New advances in laser additive manufacturing have prompted TWI to develop software to manage the process for a growing number of applications.
Processes such as EHLA cladding technology are on the brink of revolutionising laser material deposition, offering greatly increased rates of production, reduced energy consumption, improved materials consumption, and a lower environmental impact than many traditional methods.
However, for all the benefits these advances look set to deliver, there is a need to address sensor and software capabilities to measure parameters such as beam quality and power to provide feedback about the status of the equipment being used to ensure optimum performance at all times.
TWI additive manufacturing consultant, Carl Hauser recently spoke on the need to address software functions for these new and improved cladding processes, saying:
‘One of the issues is that the software isn’t advancing as much as it should. There are key software houses working to produce software for laser cladding, but because of the diversity of laser metal deposition – it’s used for 3D printing, coatings, repair, etc – there’s no software package available for everything.’
With much of the current software packages originally produced for traditional laser marking and cutting applications, they are not best suited to working with complex surfaces and processes, such as 3D printing. Setting tool paths using software designed for single layers of material means that these new applications require time-consuming tool path creation that is not very automated.
To address this, and create a more automated environment for laser processes, TWI is writing software suited to the increasing number of applications. As Carl explained:
‘We’re looking at improving the automation of our software, putting our knowhow into the technology and into the software as well, so it’s a more automated environment to generate tool paths for the process. This is more of a research tool for us at the moment rather than a commercial product.’

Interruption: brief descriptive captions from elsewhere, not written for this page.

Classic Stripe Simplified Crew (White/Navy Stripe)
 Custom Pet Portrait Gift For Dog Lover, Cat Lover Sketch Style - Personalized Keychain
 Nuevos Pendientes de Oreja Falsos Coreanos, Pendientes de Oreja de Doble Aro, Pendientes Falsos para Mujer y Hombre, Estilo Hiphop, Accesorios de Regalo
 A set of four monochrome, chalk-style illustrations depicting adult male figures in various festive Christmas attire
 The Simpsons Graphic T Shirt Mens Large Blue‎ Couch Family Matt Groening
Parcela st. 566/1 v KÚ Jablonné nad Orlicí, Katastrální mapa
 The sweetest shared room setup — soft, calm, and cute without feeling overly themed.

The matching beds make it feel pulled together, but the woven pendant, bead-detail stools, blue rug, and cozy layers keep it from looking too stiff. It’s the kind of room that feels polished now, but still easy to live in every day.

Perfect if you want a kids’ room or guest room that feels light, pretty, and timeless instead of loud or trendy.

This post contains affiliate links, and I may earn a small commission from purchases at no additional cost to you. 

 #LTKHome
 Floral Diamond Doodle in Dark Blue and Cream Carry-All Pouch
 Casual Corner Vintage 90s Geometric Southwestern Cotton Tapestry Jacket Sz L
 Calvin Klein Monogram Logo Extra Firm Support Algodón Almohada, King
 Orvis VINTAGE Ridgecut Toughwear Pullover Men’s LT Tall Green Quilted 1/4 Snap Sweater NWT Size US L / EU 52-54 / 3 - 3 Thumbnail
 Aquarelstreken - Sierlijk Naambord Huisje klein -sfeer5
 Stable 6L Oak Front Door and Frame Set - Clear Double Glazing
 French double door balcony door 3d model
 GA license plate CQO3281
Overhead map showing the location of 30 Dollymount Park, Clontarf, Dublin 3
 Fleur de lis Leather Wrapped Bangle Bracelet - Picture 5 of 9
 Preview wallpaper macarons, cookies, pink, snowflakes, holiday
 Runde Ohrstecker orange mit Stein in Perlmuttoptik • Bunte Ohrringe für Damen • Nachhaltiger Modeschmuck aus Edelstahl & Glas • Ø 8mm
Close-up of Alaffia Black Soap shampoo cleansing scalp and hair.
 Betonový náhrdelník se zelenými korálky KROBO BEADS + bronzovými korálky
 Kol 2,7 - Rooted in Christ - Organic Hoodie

While the software is not yet available on the market, there is every expectation that this will change in the future. There is already interest from a range of industries including aerospace, oil and gas, and power, with repair applications also set to be a large part of the work that these cost-effective, high volume products can solve with the generally decreasing price of laser hardware.
As diode lasers become increasingly widely used, due to their flexibility and low cost compared to fibre lasers, their use in LMD becomes an interesting proposition. Although this is something that still needs some further research, as Carl noted:
‘The beam quality [of a diode laser], however, hasn’t traditionally been as good as a fibre laser, but it has been improving. There hasn’t been a solid systematic study on the merits or the difference between a fibre and a diode laser in additive manufacturing and particularly on the quality of parts built by LMD. At the moment their particular benefits are unclear, as some lasers are better for processing certain materials than others.’